Помимо этих личных антипатий, которые эрцгерцог переносил с нескольких отдельных венгров на всю нацию, оппозицию эрцгерцога к Венгрии подкреплял ряд глубоко обоснованных политических причин. У Франца-Фердинанда было чрезвычайно тонкое политическое чутье. И это чутье подсказывало ему, что венгерская политика – серьезная опасность для всей Габсбургской империи. Желание сломить власть мадьяр и помочь другим национальностям сравняться с ними в правах никогда не покидало его. Он все политические дилеммы и акты рассматривал с этой точки зрения. Эрцгерцог был постоянным апологетом румын, словаков и всех прочих национальностей, проживающих в Венгрии, и в этом смысле заходил так далеко, что готов был дать каждому вопросу антимадьярское разрешение, не вдаваясь в объективное рассмотрение его по существу. Эта его привычка, разумеется, не оставалась тайной в Венгрии и вызвала у венгерских правящих классов сильную реакцию, которую он опять-таки понимал как чисто личную, направленную непосредственно против него. Такие взаимоотношения с годами автоматически усиливали существующие разногласия, а при Тиссе привели к открытой вражде.
К другим лидерам Венгрии, и в частности к одной из наиболее выдающихся фигур того времени, эрцгерцог относился с еще более сильной антипатией, чем к Тиссе. Я не знаю в точности, что между ними произошло, но мне известно, что за много лет до катастрофы у этого господина была аудиенция в Бельведере и что она во всяком случае протекла весьма неблагополучно. Эрцгерцог рассказал мне, что этот господин принес с собою целую библиотеку, чтобы доказать, что по закону мадьярская точка зрения правильная. Но ему, эрцгерцогу, наплевать на эти законы, и он ему так и сказал. Они сильно поспорили, и господин вышел от него бледный как смерть.
Несомненно, что министры и прочие чиновники редко входили к эрцгерцогу без сердцебиения; он был способен так набрасываться на своих собеседников и пугать их, что они совершенно теряли голову. Страх их он часто принимал за упрямство и пассивное сопротивление и тогда становился еще более раздраженным.

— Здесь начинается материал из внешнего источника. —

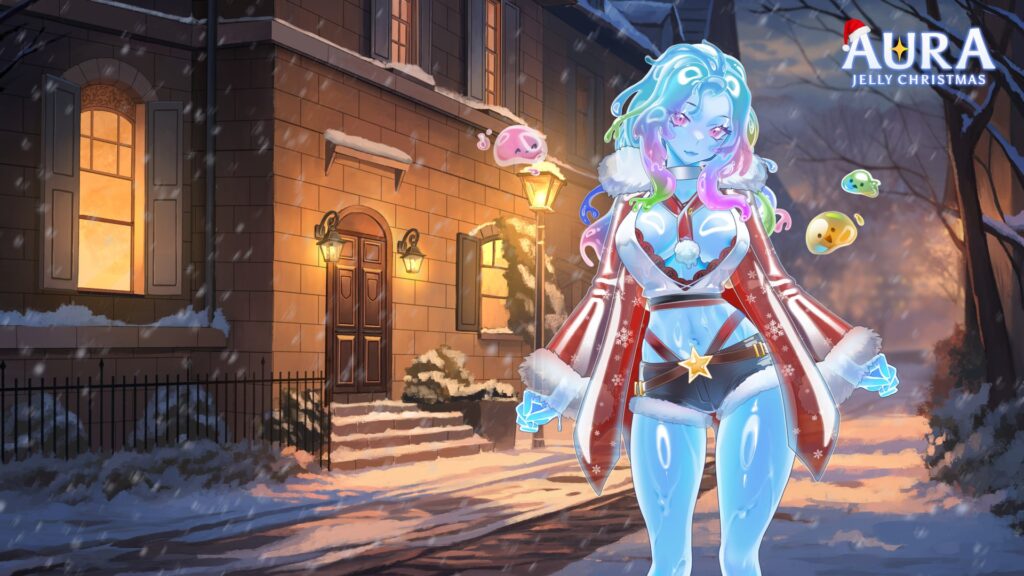 图片[4]-【PC+安卓】🤩 奥拉：卡牌狂潮Ver1.6+DLC 🤩-星河资源网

С другой стороны, если знать его хорошо и не давать себя застращать, можно было чрезвычайно легко обезоружить эрцгерцога. У меня с ним было множество сцен, и я притом сам бывал чрезвычайно резок, но длительного охлаждения к себе я никогда не вызывал. Как-то вечером, после обеда в Конопиште, он мне устроил сцену за то, что я постоянно иду против него, эрцгерцога, и на его дружбу отвечаю предательством. Я прекратил разговор, заявив, что раз он так говорит, то из нашего дальнейшего разговора толку выйти не может, а помимо того, я завтра утром уезжаю. Мы расстались, не пожелав друг другу «спокойной ночи». Утром, – я еще был в постели, – он пришел ко мне в комнату и просил меня забыть, что он вчера говорил, так как это было сказано не всерьез и т. д., так что у меня совершенно пропало твердое намерение уехать.

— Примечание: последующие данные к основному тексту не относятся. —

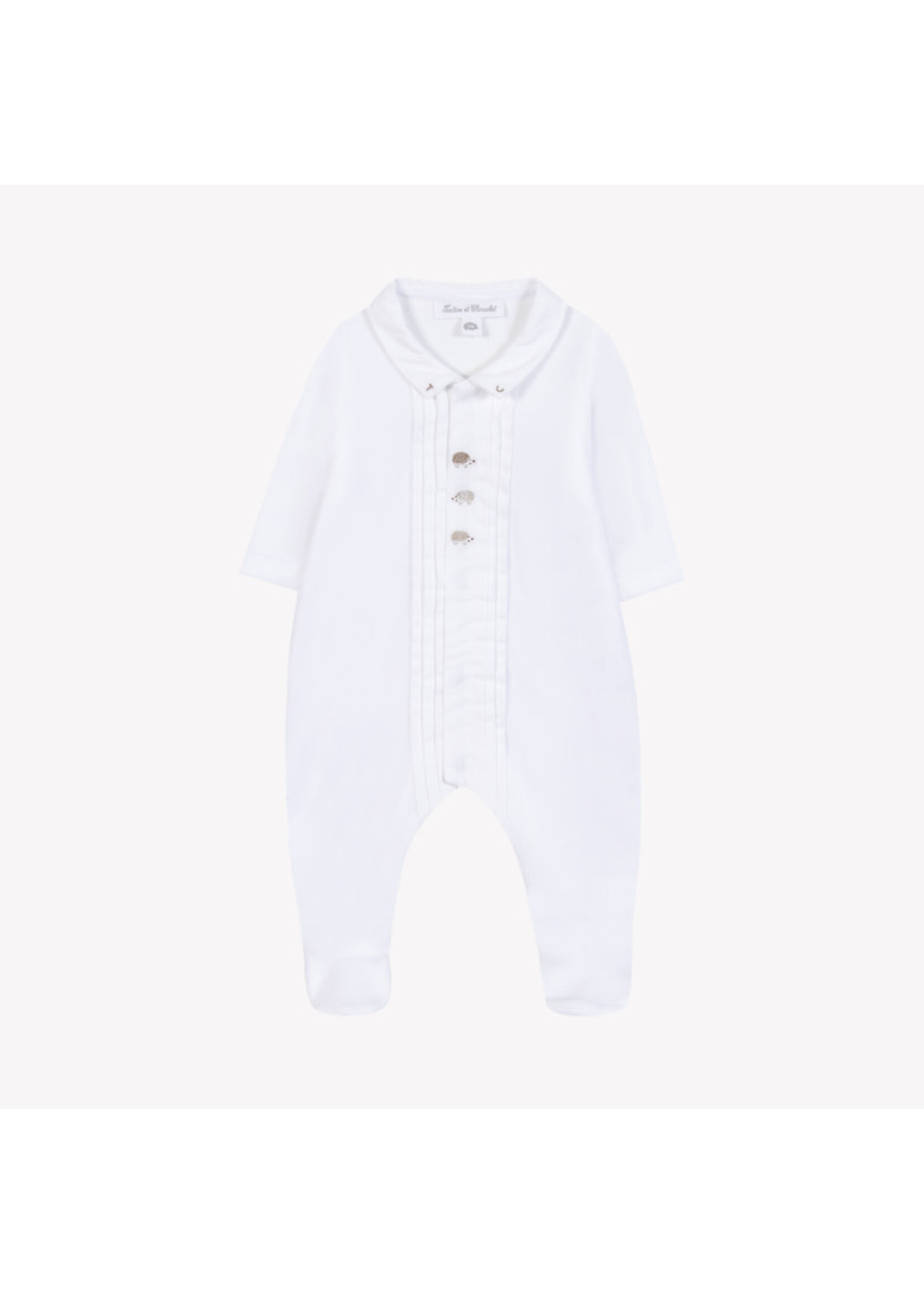 TARTINE&CHOCOLAT Pyjama8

Он так презирал людей, и опыт так обострил его понимание, что не поддавался ни на раболепство, ни на лесть. Он выслушивал всех, но как часто затем говорил мне: «С ним делать нечего, это пресмыкающееся». И эти слова приканчивали людей в его глазах так, что он впоследствии совершенно не доверял им. Более кого-либо из великих мира сего он был неуязвим против яда холопства, заражающего в большей или меньшей мере всех монархов.
Кроме семьи, в тесном смысле этого слова, его лучшими любимыми друзьями были его зять Альбрехт Вюртембергский и князь Карл Шварценберг.
Первый был человек обаятельный, высокой интеллигентности, знающий толк в вопросах как политических, так и военных. С Францем-Фердинандом он жил на чисто братской ноге, и, само собой разумеется, на принципах полного равенства. Карл Шварценберг был самый откровенный, честный и прямой человек, которого я когда-либо встречал. Он был богат, независим, преисполнен чувства собственного достоинства и лично совершенно не самолюбив. Он нисколько не был заинтересован в том, нравятся ли эрцгерцогу его взгляды. Он был его другом и считал своим долгом быть с ним откровенным и честным, а если нужно, то даже и резким. Эрцгерцог понимал это и уважал своего друга. Я думаю, что немного на свете монархов или престолонаследников, которые стали бы сносить манеру Шварценберга.
Очень плохими были отношения Франца-Фердинанда с Эренталем. Эренталь был также довольно резок и суров, но все же причина холодности между ними была другая. Мне кажется, что все упреки, которые эрцгерцог обращал на Эренталя, все же не вытекали из политических или программных разногласий: престолонаследника постоянно расстраивал тон Эренталя. Мне приходилось читать письма Эренталя к эрцгерцогу, в которых, при всей внешней почтительности, был слышен какой-то привкус, быть может, бессознательной иронии, вызывавшей в эрцгерцоге чувство, что его не принимают всерьез. А он в этом отношении был чрезвычайно чувствителен.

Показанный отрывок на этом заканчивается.